A thug who punched an innocent man outside a London club before driving off. despite being banned from the road, had an appeal against his sentence rejected today.

Yasin Ahmed Haji, 26, of Lincoln Gardens, Ilford, left his victim with a blood clot on his brain after flooring him with a single punch.

Haji was jailed for 21 months, and disqualified from driving for 12 months, at Isleworth Crown Court in May after he admitted inflicting actual bodily harm and driving while disqualified.

Today, two senior judges at London’s Appeal Court ruled that his punishment was plainly “within the relevant range” for such serious offending.

Mr Justice Sweeney said the victim and his friends were leaving a Kensington nightclub late on January 27, 2013, when Haji approached him and said: “Are you looking at my wife?”

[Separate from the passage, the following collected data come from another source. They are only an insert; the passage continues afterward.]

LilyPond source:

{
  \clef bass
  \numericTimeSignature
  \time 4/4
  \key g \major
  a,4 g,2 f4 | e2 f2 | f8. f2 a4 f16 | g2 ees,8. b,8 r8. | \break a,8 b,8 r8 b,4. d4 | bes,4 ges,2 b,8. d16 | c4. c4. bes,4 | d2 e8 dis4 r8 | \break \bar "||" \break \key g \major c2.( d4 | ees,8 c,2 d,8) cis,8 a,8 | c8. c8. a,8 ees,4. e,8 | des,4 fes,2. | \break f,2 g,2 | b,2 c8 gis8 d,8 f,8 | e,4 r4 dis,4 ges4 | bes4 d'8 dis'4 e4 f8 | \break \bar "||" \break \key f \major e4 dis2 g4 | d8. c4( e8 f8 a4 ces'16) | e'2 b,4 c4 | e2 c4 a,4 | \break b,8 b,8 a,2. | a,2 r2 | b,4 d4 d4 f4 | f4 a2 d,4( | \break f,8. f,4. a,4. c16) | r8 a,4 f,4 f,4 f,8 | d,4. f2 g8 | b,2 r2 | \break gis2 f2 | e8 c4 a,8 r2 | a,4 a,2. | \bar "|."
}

Haji then punched him to the face, sending him dropping unconscious to the ground. He jumped into a friend’s car and made his getaway, despite being subject to a 42-month driving ban, imposed in 2011 when he had been convicted of dangerous driving.

The victim suffered a cut face and a broken tooth, but although he was discharged from hospital he returned two weeks later complaining of headaches and was found to have a blood clot on his brain.

Haji had made 11 previous court appearances, with convictions for crimes including possessing an offensive weapon, inflicting actual bodily harm, common assault and several road traffic offences, including driving with excess alcohol.

Mr Justice Sweeney, sitting with Sir Roderick Evans, said that the aggravating factors in the ABH offence “significantly outweighed” Haji’s mitigation.

Also pointing to Haji’s “abysmal record in relation to driving”, he concluded: “It seems to us that the total sentence which the judge imposed was within the relevant range and plainly so.”